Als „hartgesottener“ Leser bin ich ja einiges von Erstlingsbüchern gewohnt. Trotz des Lektorats als der verlegerischen Grundaufgabe beim Erstellen neuer Bücher gibt es doch bei vielen Erstlingen den einen oder anderen klitzekleinen Mangel. Nicht so bei dem Buch von Pierre Jarawan: Ich bin der Stadt München dankbar, die den Autor mit einem Stipendium gefördert hat.
Worum geht es überhaupt konkret in diesem Buch? Im Gefolge des libanesischen Bürgerkriegs kommen Samirs Eltern in den Achtzigerjahren nach Deutschland. Samir, der Ich-Erzähler dieses Buches, verehrt seinen Vater über alles. Das Verhältnis der beiden ist auch deshalb so eng, weil der Vater seinem Sohn Geschichten erzählt, die märchenhaft die verlorene Heimat zum Thema haben. Diese Geschichten sind in vielem Anspielungen auf die Vergangenheit der Familie und spielen im Buch eine wichtige Rolle.
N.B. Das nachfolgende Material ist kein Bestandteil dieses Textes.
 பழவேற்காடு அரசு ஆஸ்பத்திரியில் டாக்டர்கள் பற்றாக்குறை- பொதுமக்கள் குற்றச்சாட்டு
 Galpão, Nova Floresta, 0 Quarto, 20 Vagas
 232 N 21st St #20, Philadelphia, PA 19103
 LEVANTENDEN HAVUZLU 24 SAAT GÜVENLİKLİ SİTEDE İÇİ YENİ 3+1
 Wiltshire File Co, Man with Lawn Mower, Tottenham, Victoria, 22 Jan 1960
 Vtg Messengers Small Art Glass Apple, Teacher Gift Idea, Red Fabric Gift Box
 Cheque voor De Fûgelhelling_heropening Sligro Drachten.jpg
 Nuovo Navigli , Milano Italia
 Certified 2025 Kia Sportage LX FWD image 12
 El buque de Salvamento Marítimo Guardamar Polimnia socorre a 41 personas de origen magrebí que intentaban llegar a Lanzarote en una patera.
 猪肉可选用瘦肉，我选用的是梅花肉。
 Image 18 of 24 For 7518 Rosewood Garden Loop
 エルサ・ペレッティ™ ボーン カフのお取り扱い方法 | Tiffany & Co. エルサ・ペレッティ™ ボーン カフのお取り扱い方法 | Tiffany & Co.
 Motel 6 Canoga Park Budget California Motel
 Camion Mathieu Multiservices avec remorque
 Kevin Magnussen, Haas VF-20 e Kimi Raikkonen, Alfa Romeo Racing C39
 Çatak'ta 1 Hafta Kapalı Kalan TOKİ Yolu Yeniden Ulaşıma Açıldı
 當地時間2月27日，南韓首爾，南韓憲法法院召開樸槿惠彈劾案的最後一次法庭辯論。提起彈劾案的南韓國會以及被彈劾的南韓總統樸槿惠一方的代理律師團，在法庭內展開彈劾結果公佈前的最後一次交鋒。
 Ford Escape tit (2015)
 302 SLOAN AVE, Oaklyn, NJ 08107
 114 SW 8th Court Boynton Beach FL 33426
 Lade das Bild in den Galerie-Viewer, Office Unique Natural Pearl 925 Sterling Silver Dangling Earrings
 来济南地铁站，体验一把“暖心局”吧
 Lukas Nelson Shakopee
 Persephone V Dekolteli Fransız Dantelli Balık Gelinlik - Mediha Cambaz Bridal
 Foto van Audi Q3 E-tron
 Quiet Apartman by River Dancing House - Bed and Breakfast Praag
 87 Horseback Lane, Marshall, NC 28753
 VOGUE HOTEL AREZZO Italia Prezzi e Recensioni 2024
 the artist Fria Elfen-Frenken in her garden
Als Samir acht Jahre alt wird, verschwindet der Vater spurlos. Niemand weiß, wohin er gegangen ist, auch der engste Freund der Familie Hakim weiß nicht mehr. Aber Samir vermutet, dass sein Vater sich wieder im Libanon aufhält.
Mit Anfang zwanzig macht sich Samir auf den Weg in den Libanon. Bei seinem Abschied erhält er von Hakim das Tagebuch des Vaters, das dieser ihm zur Aufbewahrung am Tag vor seinem Verschwinden anvertraut hat. Samir liebt die Tochter Hakims, Yasmin. Samir möchte sie heiraten, aber Yasmin verlangt von ihm, dass er seine Vergangenheit klärt, damit ihre Liebe eine Basis haben kann.
Kunstvoll und wie im Kriminalroman verwebt Jarawan die verschiedenen Stränge, die dieses Buch ausmachen:
̶ Die Geschichte Samirs und seiner Familie in Deutschland, seine Fremdheit und den Weg der Familie in die Gesellschaft.
̶ Das Tagebuch des Vaters, das ohne die Geschichte Beiruts und des Libanon gar nicht denkbar ist, wobei ein altes Sprichwort sagt: „Wer glaubt, er habe den Libanon verstanden, dem hat man ihn nicht richtig erklärt.“
̶ Die Situation im Libanon heute: Eine Gruppe von Studenten setzt dem Wahnsinn des Bürgerkriegs – jeder gegen jeden – ein Projekt entgegen, ein Archiv. Dieses Archiv soll das Schicksal der Verschwundenen, der im Bürgerkrieg Entführten und Getöteten auf- und nachzeichnen und so zum Symbol einer gruppenübergeordneten neuen libanesischen Identität werden.
„Am Ende bleiben die Zedern“ ist ein unglaublich schönes, nachdenkliches, witziges und dabei grundeinfach zu lesender Buch, das auf eine sehr unterhaltsame, spannende Art einige der wesentlichen Fragen der menschlichen Existenz beschreibt: Wer bin ICH und wer bist DU? WOHER komme ich? WOHIN gehöre ich? Kann ich mein (geliebtes) Gegenüber überhaupt verstehen? Was bedeutet Bürgerkrieg für den einzelnen, was für alle? Wie bewährt sich Freundschaft in einem solchen Krieg? Was ist Schuld in dieser Situation und was bedeutet ganz allgemein Heimat und Fremde? Außerdem gibt es einige unglaublich poetisch und schön erzählte Geschichten zum Thema Liebe und Freundschaft.
Ich wünsche diesem Buch ganz viele Leser!
Dies Buch ist im Berlin Verlag erschienen und kostet 22 €.